Sandro Castro, neto do falecido ditador Fidel Castro, voltou a criticar o meio independente El Toque, que acusou de manipular os valores do dólar no mercado informal cubano e de “brincar com a economia do país, afetando a população”.
As declarações foram feitas durante uma entrevista com o youtuber venezuelano Jesús Cazorla Espino, gravada em Cuba e promovida nas contas de Instagram de ambos os influenciadores.
El Toque não é confiável, disse Sandro, argumentando que "utilizam convenientemente os valores que refletem o preço do dólar”.
O meio independente tem enfrentado há semanas uma dura campanha midiática de descreditação, impulsionada pelo governo cubano, na qual Sandro desempenhou um papel de destaque.
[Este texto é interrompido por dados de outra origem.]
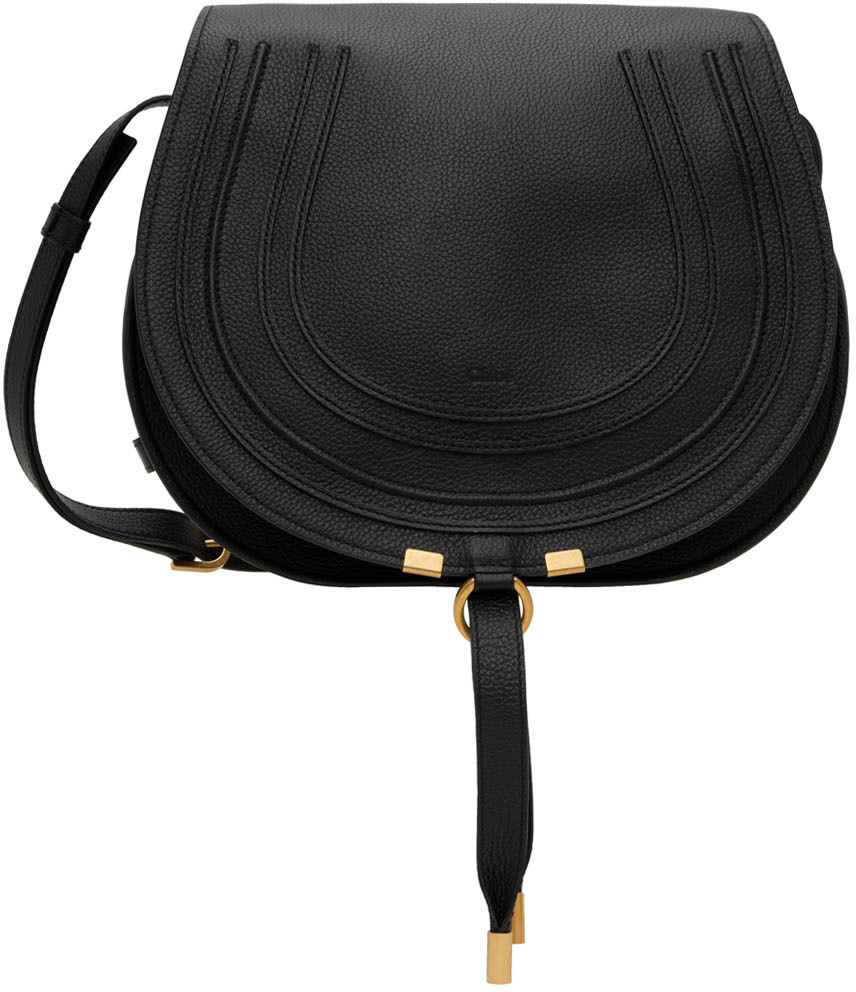 Shop Chloé Black Marcie Shoulder Bag In 001 Black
O regime chegou a ameaçar na Televisão Nacional os jornalistas do meio independente, assegurando que a Segurança do Estado possui "provas" e poderia tomar ações legais contra El Toque, por supostamente promover um esquema de tráfico de divisas e evasão fiscal em Cuba.
Além disso, acusou-os de realizar práticas de "terrorismo financeiro", alegando manipulação da taxa de câmbio das moedas no mercado informal e supostos vínculos com agências americanas.
Sobre este suposto apoio governamental, Sandro Castro afirmou: "Não acredito que tenham o apoio do governo dos Estados Unidos, nem também do cubano".
O influenciador, conhecido por sua vida ostentosa nas redes sociais, qualificou a equipe de El Toque como “uma elite obscura” e sugeriu que o meio teria respondido às suas críticas anteriores, embora —segundo ele— “os jornalistas que saem não são os que realmente são”.
As declarações de Sandro Castro se somam a uma série de ataques de setores oficialistas contra El Toque, que desde o exílio publica diariamente a taxa do dólar, do euro e do MLC no mercado informal cubano.